FIG. 1 is a schematic sectional view of an embodiment of the present invention. For example, a concave portion having a gradually decreasing cross-sectional area extending from the front surface to the rear surface of the P-type silicon substrate 1, for example, a number of inverted pyramid-shaped concave portions 13, 13... Is provided, and through holes 9, 9,. The through-holes need not necessarily be provided at all the tops of the many inverted pyramid-shaped concave portions 13, and may be provided at appropriate intervals within a range that does not deteriorate the fill factor of the solar cell due to an increase in the series resistance of the N-type layer 4. Good.
An N-type layer 4 is formed over a surface of the concave portion 13 of the silicon substrate 1 surrounded by the inverted pyramid and a part of the back surface of the silicon substrate 1 through the through hole 9. Silicon substrate 1
A P ⁺ -type layer 3 is formed on the back surface of the substrate at a position away from the N-type layer 4. An antireflection film 7 is provided on the surface, that is, the surface of the N-type layer 4 on the light receiving surface side. N-type layer 4 on the back
The P electrode 6 is provided on the electrode 5 and the P ⁺ type layer 3. When viewed from the back, a large number of through holes 9, 9.
The electrodes 6 are scattered. By interposing an insulating film such as polyimide between the N electrodes and the P electrodes scattered in this manner, the P electrodes are also formed on the N electrodes,
It can be provided continuously on the back surface, and can be an integrated P electrode.
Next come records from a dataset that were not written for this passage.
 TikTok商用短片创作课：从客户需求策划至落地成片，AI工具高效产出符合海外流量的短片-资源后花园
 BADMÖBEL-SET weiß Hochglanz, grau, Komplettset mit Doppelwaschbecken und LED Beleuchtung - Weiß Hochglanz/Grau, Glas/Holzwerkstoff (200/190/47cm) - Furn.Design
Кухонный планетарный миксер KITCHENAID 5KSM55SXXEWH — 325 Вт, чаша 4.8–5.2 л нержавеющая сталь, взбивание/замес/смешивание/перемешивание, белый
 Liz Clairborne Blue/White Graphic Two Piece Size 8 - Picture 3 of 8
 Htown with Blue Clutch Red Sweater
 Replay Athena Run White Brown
FIG. 2 is a cross-sectional view of the solar cell shown in FIG. 1 in which a frame-shaped flat portion 8 is provided around the surface of the silicon substrate 1. This flat portion can prevent chipping around the cell. In this embodiment, the back surface of the silicon substrate 1 except for a connection portion between each electrode and the P ⁺ -type layer 3 and the N-type layer 4,
It is covered with a silicon oxide film 2. The illustration of the antireflection film is omitted. Although the boundaries of the inverted pyramid are shown sharp in the figure, they actually have some width.
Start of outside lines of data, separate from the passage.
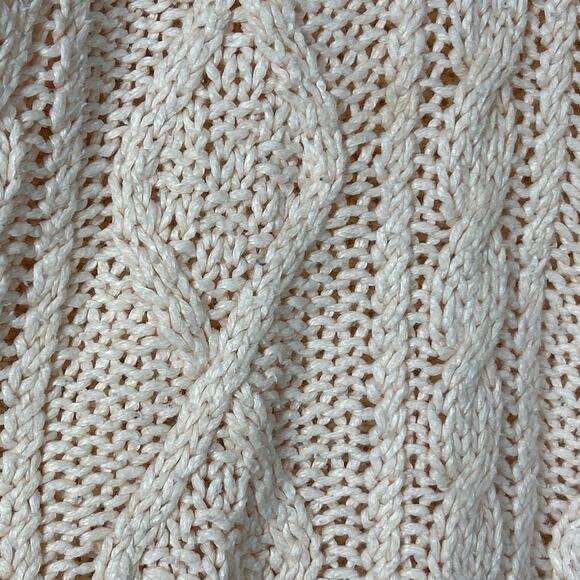 Vintage Sweater Medium Pink Gray Fair Isle Cable Knit Open Picket Poot Coquette - Picture 7 of 12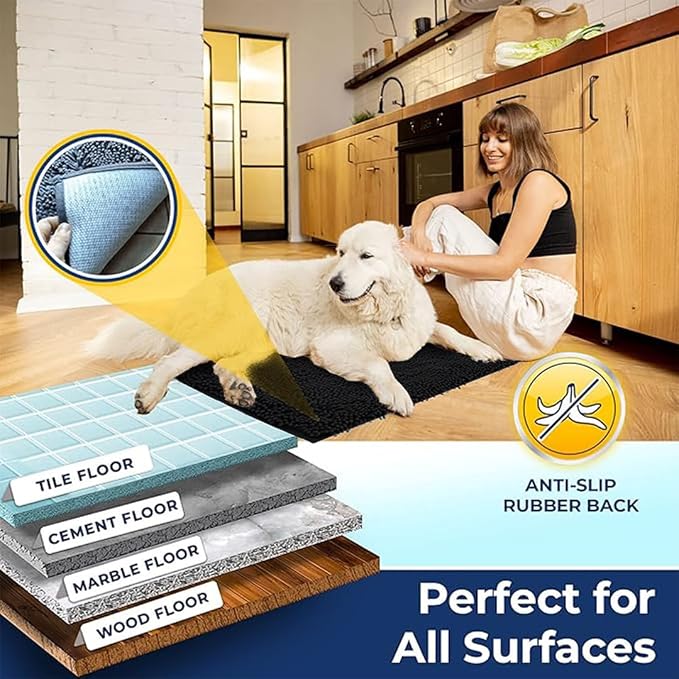 Muddy Mat® | Chenille Bathroom Rugs Quick Dry Microfiber Mats Non Slip Washable, Extra Thick, Soft and Highly Absorbent Bath Mats for Bathroom, Kitchen, and Shower Floor - Black 24"x35"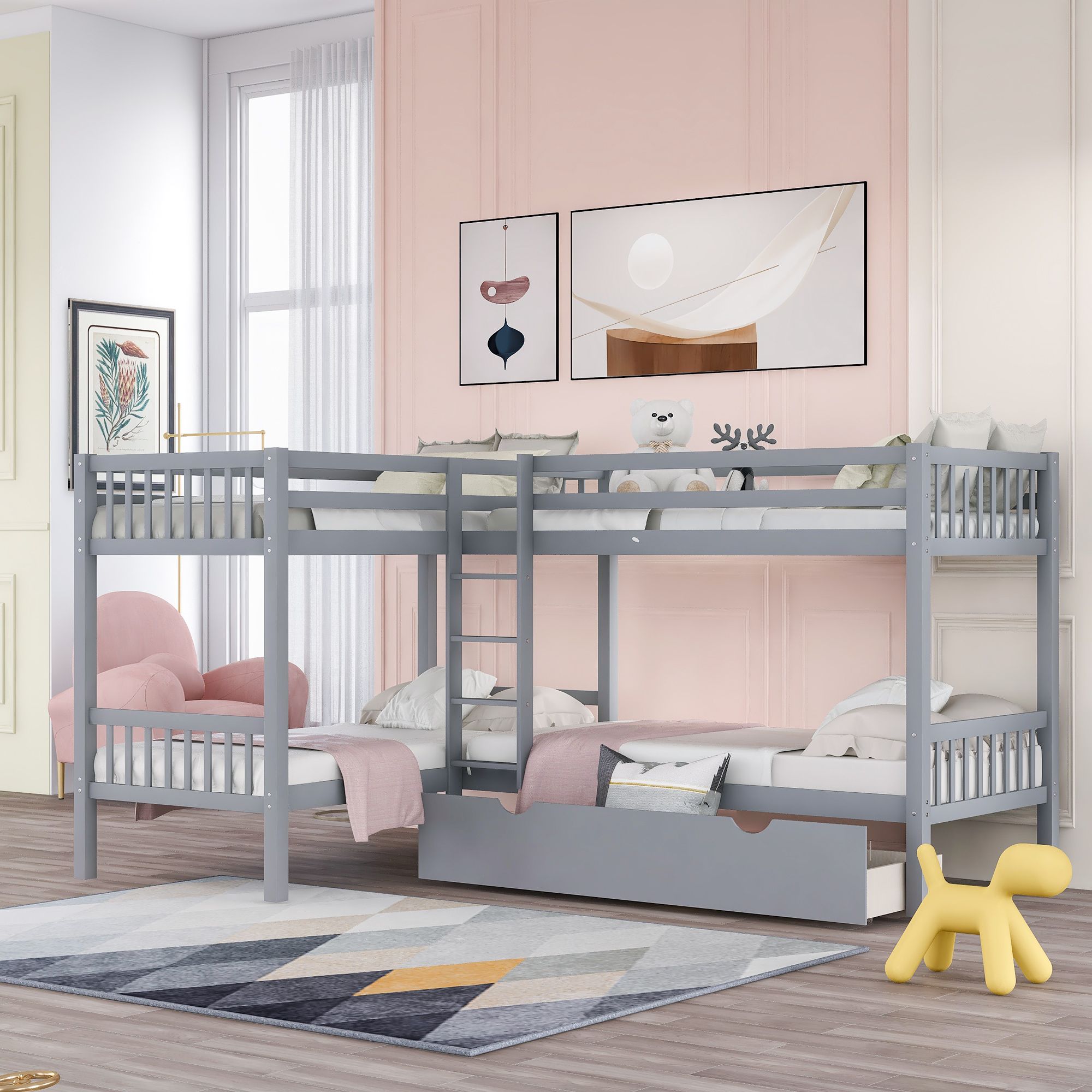 Yiekholo LL-1803AAE Gray Twin over twin Bunk Bed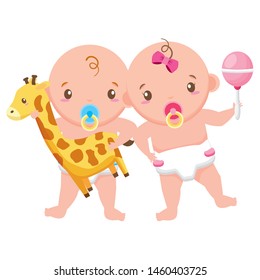 babies boy and girl baby shower giraffe and rattle vector illustration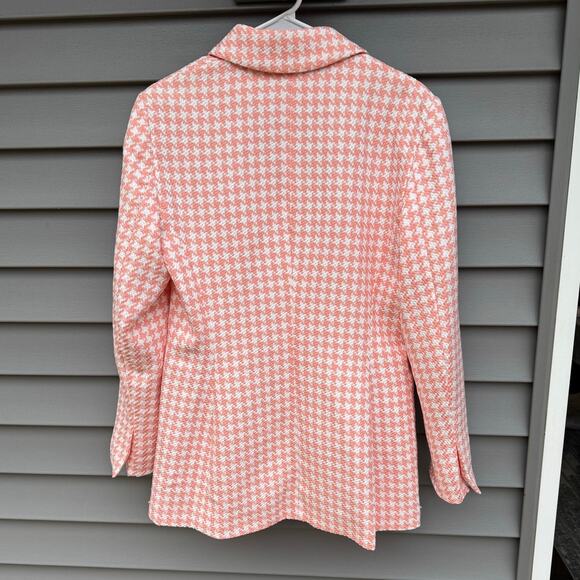 ASOS size 10 Pink and White Dogstooth Houndstooth Long Suit Blazer Jacket - Picture 11 of 12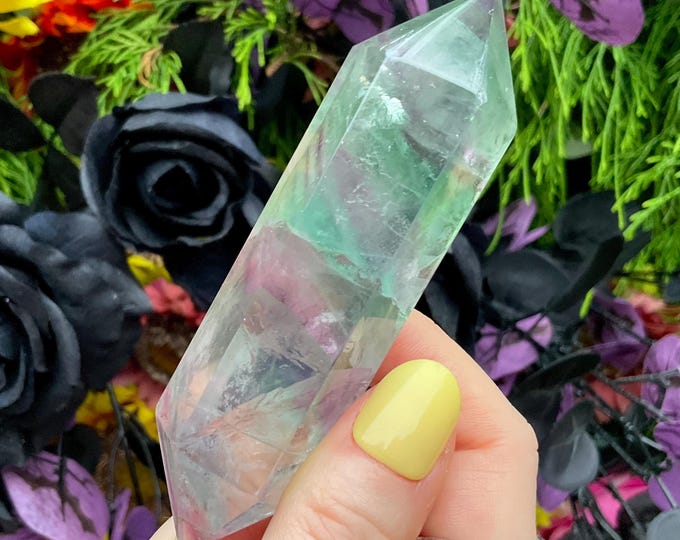 Rainbow Fluorite Double Terminated Wand ~ Large 4.2 oz. ~ 4" Long ~ Clear, Green, Purple ~ Fast & Free Shipping, USA + Global Shipping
FIG. 3 is a diagram showing the P on the back surface of the silicon substrate 1 shown in FIG.
FIG. 4 is a cross-sectional view when the area of the ⁺ type layer 3 is increased. Thereby, the back surface field (BSF) effect can be increased and the output of the cell can be improved.

FIG. 4 is a cross-sectional view when the area of the N-type layer 4 on the back surface of FIG. 1 is increased. Since the area of the PN junction on the back surface is increased, the effective distance between the minority carrier and the PN junction is further reduced, and radiation resistance is improved.

FIG. 5 is a cross-sectional view of the silicon substrate 1 of FIG. 1 in which the back surface is covered with a silicon oxide film 2 except for the connection portions of electrodes and through holes. The through-hole may be closed by a silicon oxide film. Any insulating film having a high reflectance other than the silicon oxide film can be used. The BSF effect can be obtained by the P ⁺ type layer on the back surface, the light reflectance on the back surface can be improved by the reflection film, the light trapping effect can be improved together with the inverted pyramid structure on the front surface, and the output characteristics can be improved.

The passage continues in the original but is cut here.